Quasi allarga le braccia, il ministro dell'Economia: «Se scoppia una guerra al mese - dice - sarà difficile», centrare gli obiettivi di Pil. Il tracollo dei transiti in uno snodo fondamentale per le merci come lo stretto di Bab el-Mandeb «preoccupa tutti, anche perché i porti del Mediterraneo sono i primi danneggiati da questi colli di bottiglia». Il rischio è che da un processo «disinflazionistico» si passi a nuovi fenomeni di surriscaldamento dei prezzi. Giorgetti ne ha già parlato coi ministri saudita e qatariota, quest'ultimo uno snodo cruciale poiché «le forniture del Qatar devono passare dal Capo di Buona Speranza per arrivare qui anziché passare da Suez. Questo è un problema anche per l'inflazione: se i costi di trasporto dei noli tornano ad impazzire come tre anni fa, i contraccolpi ci saranno». Le nubi grigie tendenti al nero occupano buona parte dell'orizzonte, senza che la Germania in affanno solletichi un po' d'italica Schadenfreude. Chiarisce Giorgetti: la recessione tedesca è «una cattiva notizia anche per l'Italia perché sappiamo quanta parte dell'economia italiana sia legata alla performance di quella tedesca». D'altra parte, dalla tenuta del Pil dipende anche la tenuta della crescita economica, in un contesto dove gli aiuti della Bce sotto forma di acquisti dei titoli di Stato italiani tendono ad azzerarsi.

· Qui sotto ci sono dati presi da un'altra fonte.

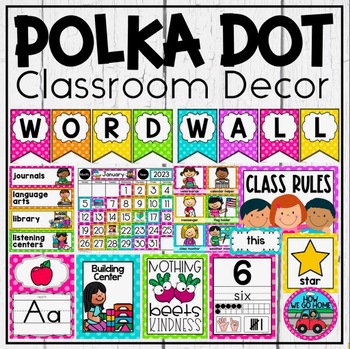 Classroom Decor Bundle in Polka Dot Brights ~ Classroom Jobs, Labels and More! 1 Classroom Decor Bundle in Polka Dot Brights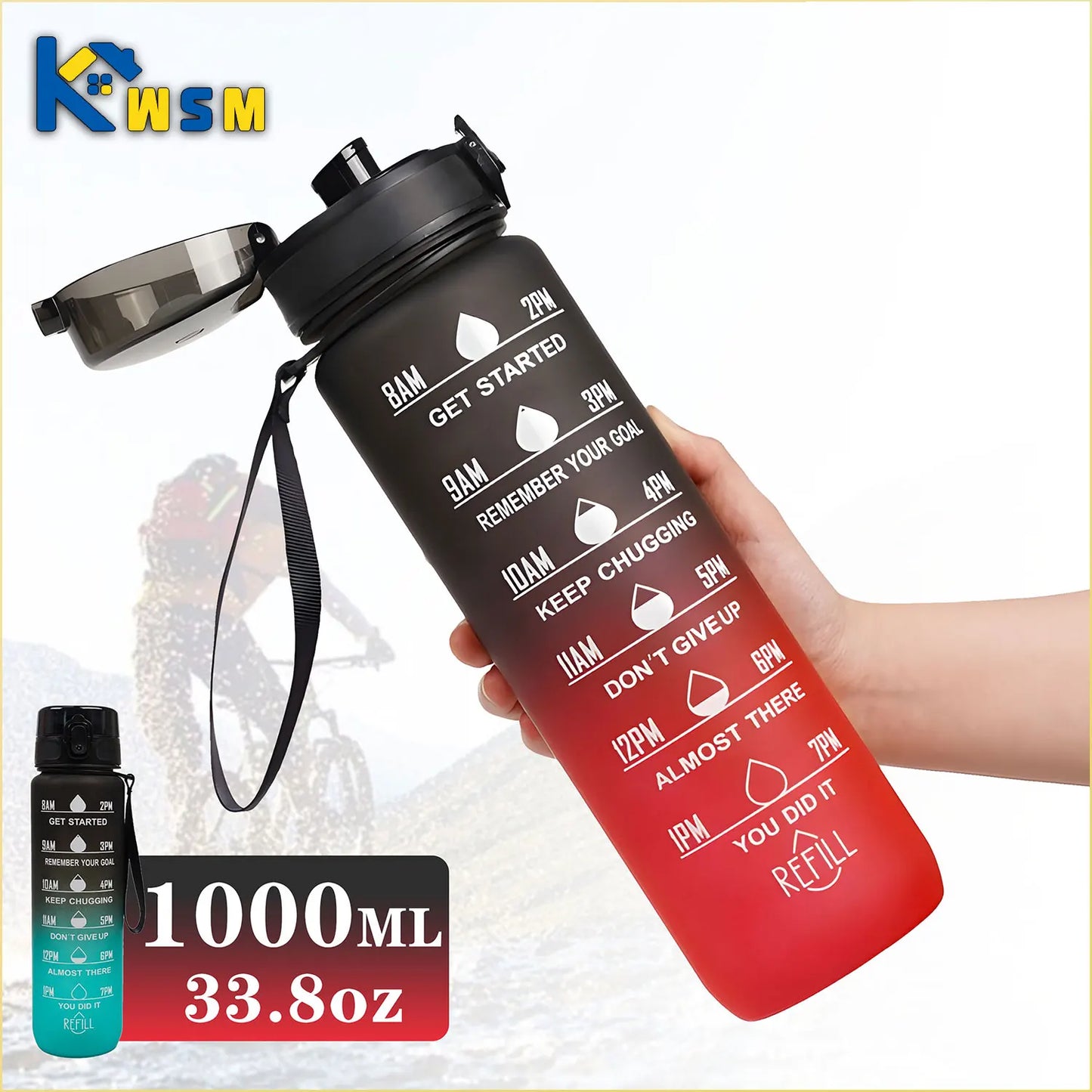 900/1000ml BPA Free Sports Water Bottle with Straw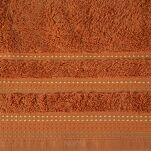 Ręcznik 70x140 POLA pomarańczowy z kolorową bordiurą zakończoną stebnowaniem 500 g/m2 - 2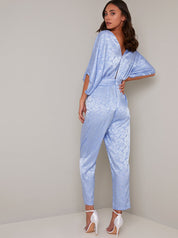 Silky Cape Detail Jumpsuit in Blue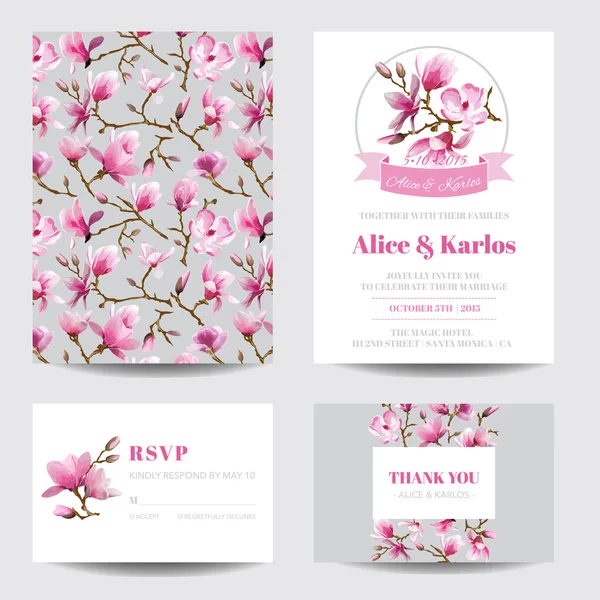 Ensemble de cartes d'invitation ou de vœux - pour mariage, douche de bébé — Image vectorielle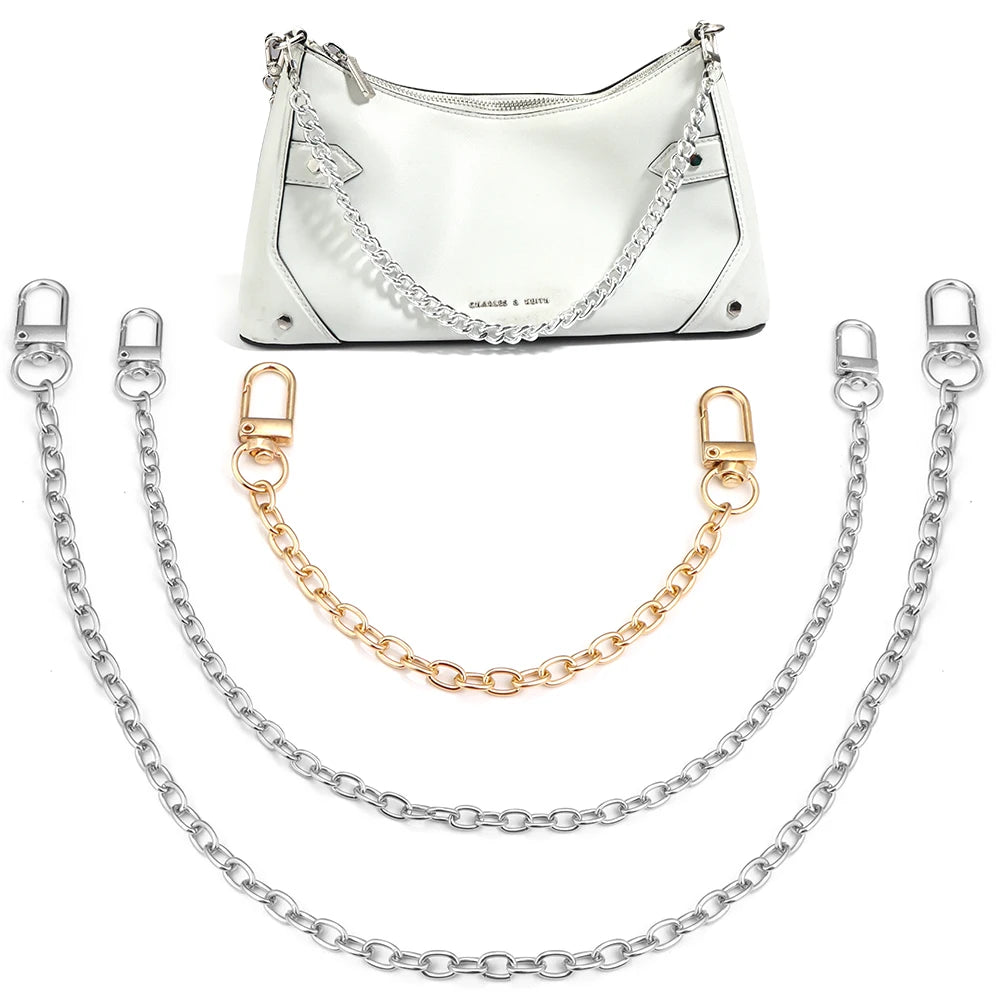 20/40/80/120cm Metal Aluminum Bag Chains Women Detachable Shoulder Strap Chain for Pets Chain Bag Replace Parts Accessories
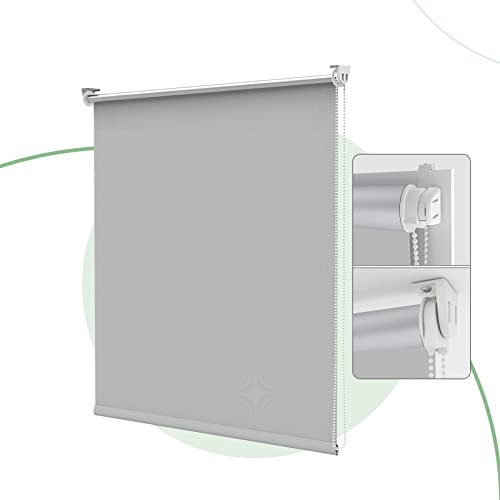HOMEDEMO Verdunkelungsrollo Klemmfix, ohne Bohren/zum Bohren (Grau, 60x170) Silberbeschichtung 100% Verdunklungsrollo Thermorollo, Fensterrollo, Sonnenschutz, Seitenzugrollo für Fenster & Tür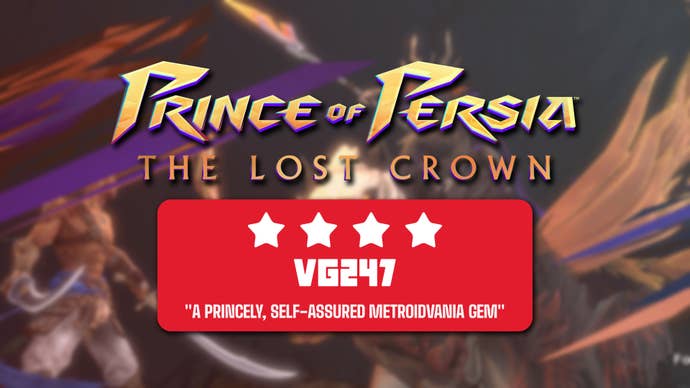 Review header for Prince of Persia: The Lost Crown. Text reads: 4 stars, ‘A princely, self-assured Metroidvania gem’.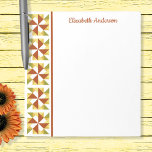 Pinwheel Quilt Block Border Note Pad<br><div class="desc">Personalize this cute notepad printed with a pinwheel block style quilt border with your name or other text. Pattern is in greens,  yellows and reds.  Generous blank writing space for all your lists,  small sketches or other daily notes. Nice personalized gift for a quilting or sewing enthusiast.</div>
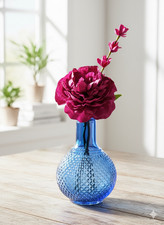 Pink Artificial Peony In Navy Glass Vase by Next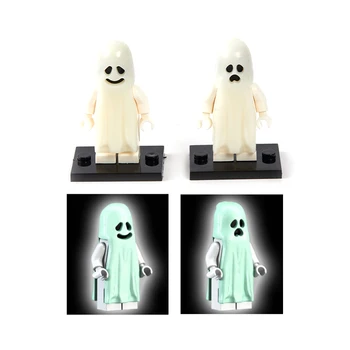 Строительные блоки серии Horror Halloween из 1 шт., светящиеся фигурки улыбающегося и плачущего призрака, маленькие кирпичики, игрушки для детей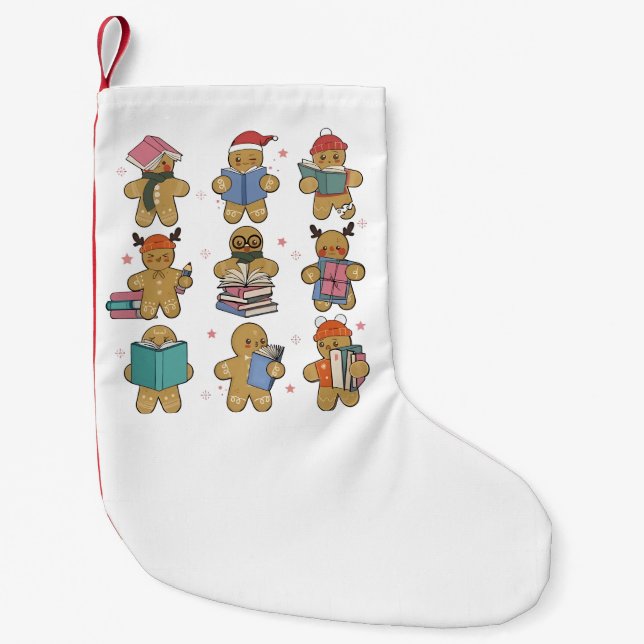 Julgrå Santa Gingerbrows Nursing Squad Liten Julstrumpa (Framsidan)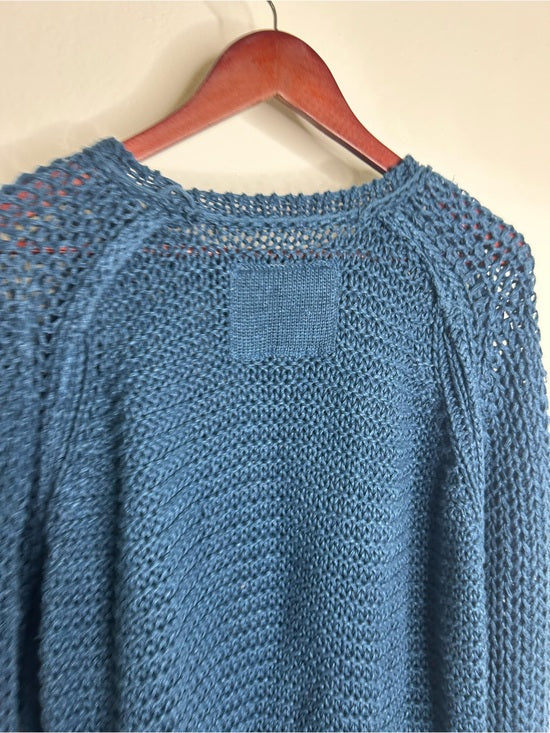 Free People 100% Linen Chunky Knit Oversized Royal Blue Pullover Sweater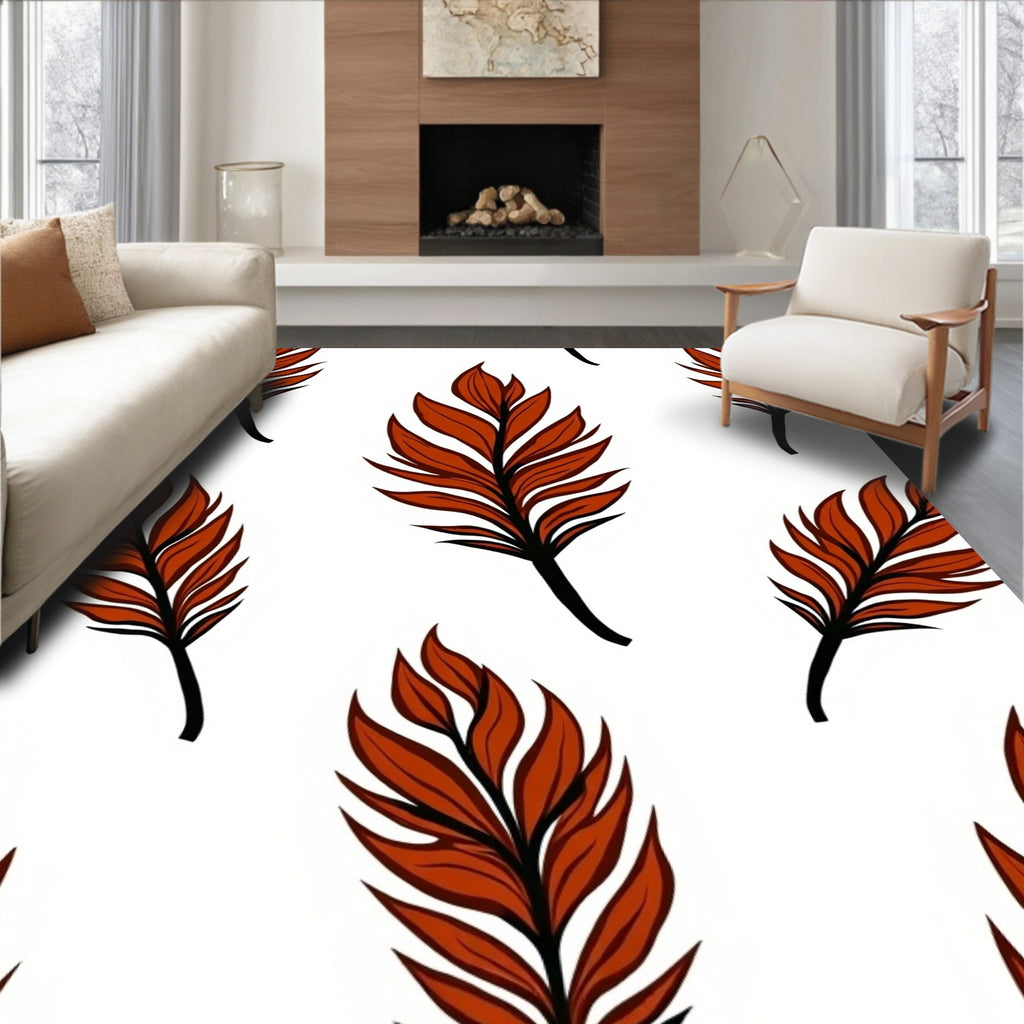 Earthy Red Leafy Botanical Arrangement Rug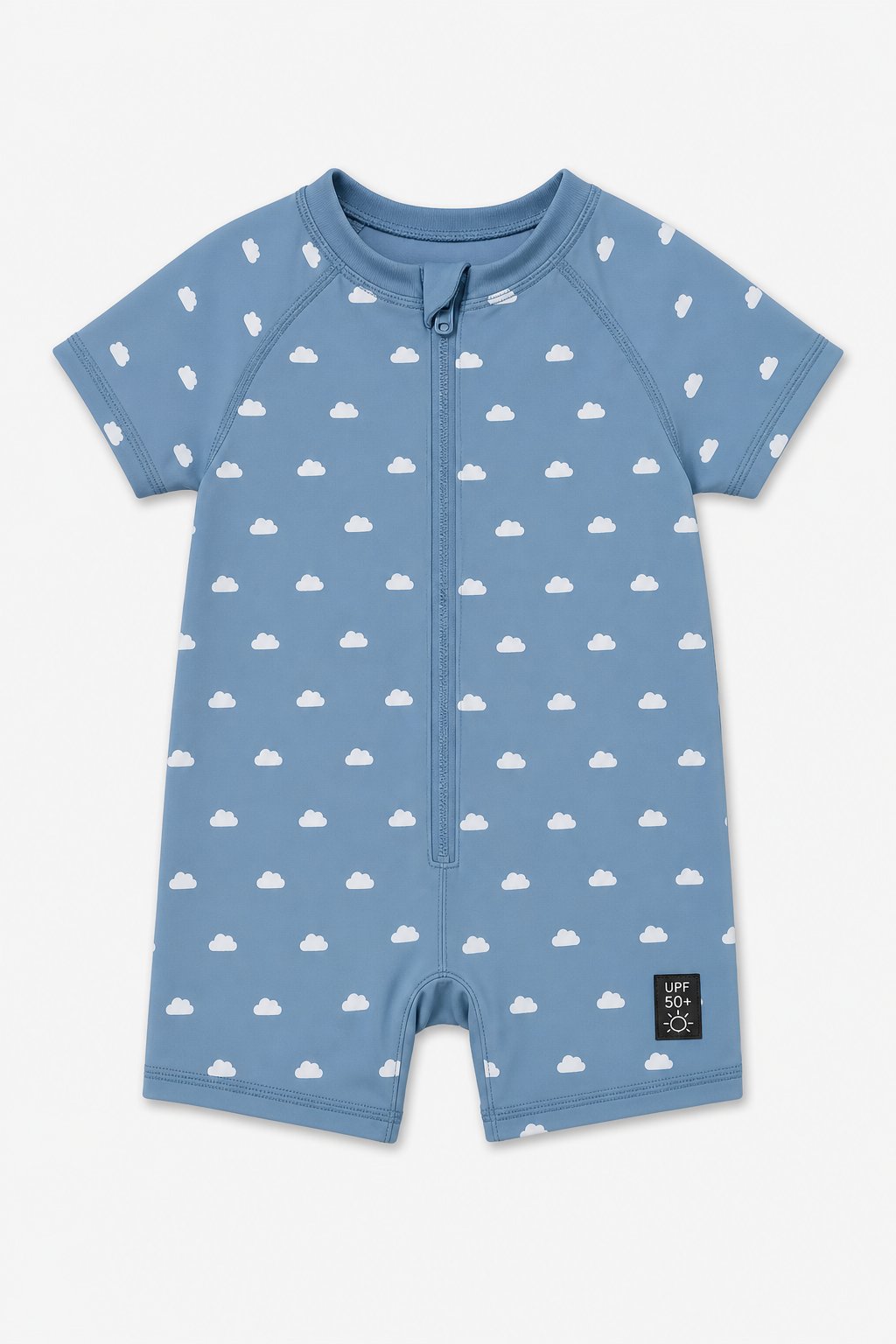 Denim Blue Cloud Print Swim Romper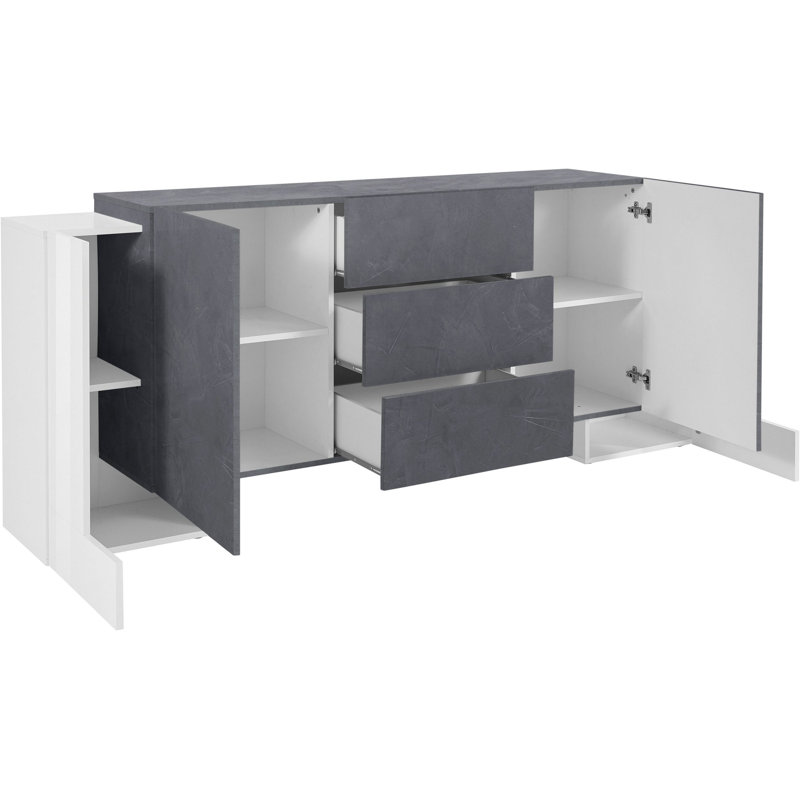 Nicholson 210 Cm Wide 3 Drawer Sideboard, White/Grey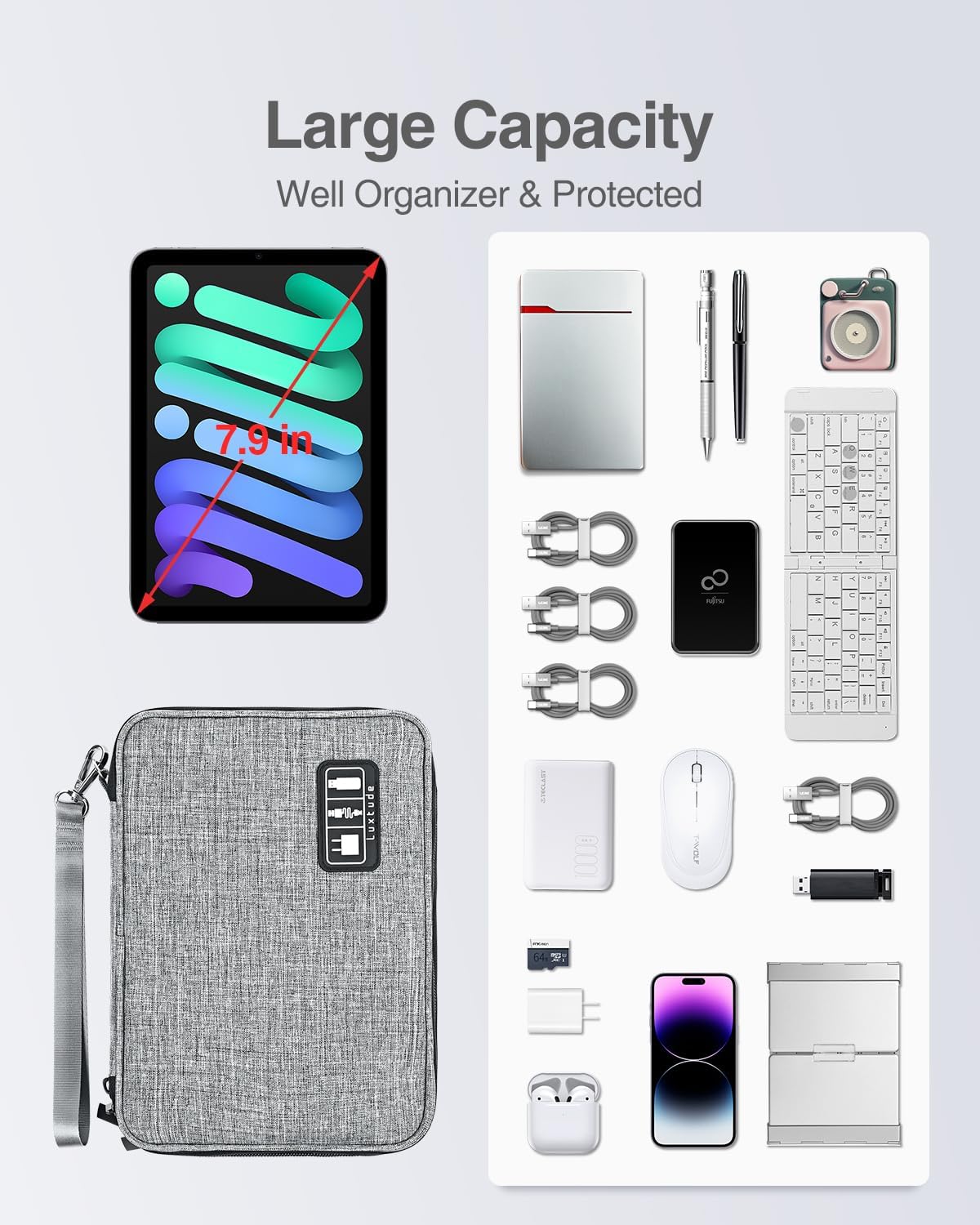 Luxtude Electronics Organizer, Portable Cable Organizer Bag for iPad 7.9'', Double Layer Travel Tech Bag&Cord Storage, Compact Cord Case&Charger Pouch,Electronics Carring Case for Phone/USB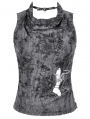 Grey Gothic Punk Distressed Rebel Chic Sleeveless Top for Women
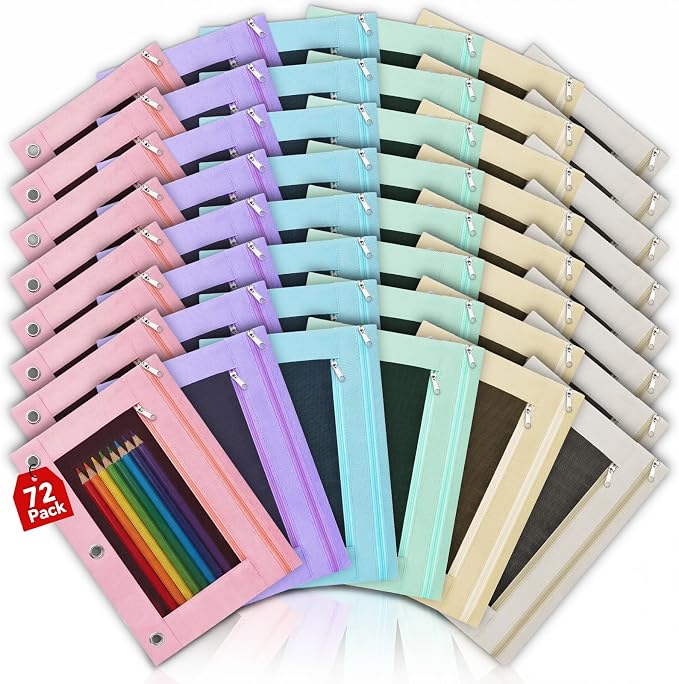 Lanpn 72 Pcs Pencil Pouch for 3 Ring Binder, 2 Pocket Zipper Binder Pouch Bulk, Pastel Binders Pencil Case, School Supplies for Boy Girl Student, Reinforced Grommets, Clear Window, Micro Mesh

È con un occhio rivolto al nostro debito che Giorgetti ha infatti avuto incontri con esponenti della finanza internazionale a margine dei lavori del World Economic Forum. Tutti potenziali compratori della nuova carta che il Tesoro emetterà quest'anno: dal numero uno di Jp Morgan, Jamie Dimon, all'ad di Bridgewater Ray Dalio, fino a Brian Moynihan, numero uno di Bank of America. Sempre che la burrasca non aumenti a Suez, qualche sollievo sul fronte del debito potrebbe però arrivare da un taglio dei tassi. «Prima arriva meglio è - sottolinea il ministro - Sarebbe una buona notizia per tutti anche per le famiglie con mutuo, per le imprese che devono investire». Peccato che ieri, sempre da Davos, Christine Lagarde abbia spedito una cartolina gelida come una sentenza: la prima sforbiciata arriverà solo dopo giugno. «Direi che è probabile, ma dobbiamo essere cauti perché continuiamo a dipendere dai dati», ha detto la presidente della Bce. Sparisce così dal tavolo il «turnaround» primaverile e il calendario immaginato da quanti scommettevano su quattro allentamenti del costo del denaro nel 2024 per un totale di 150 punti base.

Sono peraltro proprio i mercati i primi a non crederci più. Lo si capisce dalle picconate tirate ieri al muro di aspettative tirato su nelle ultime settimane. Prima che l'ex Fmi parlasse, i mercati avevano pienamente prezzato un calo dei tassi entro aprile, attribuendo una probabilità del 30% a una riduzione in marzo. Dopo le sue affermazioni, le chance sono scese al 95% per un taglio entro aprile e al 20% per una riduzione a marzo.

E mentre lo spread Btp-Bund si è

arrampicato fin quasi a quota 160, il rendimento dei bond tedeschi a due anni, termometro sensibile della politica monetaria, è salito al 2,63%, ai massimi da inizio dicembre. Un segnale di pessimismo da non sottovalutare.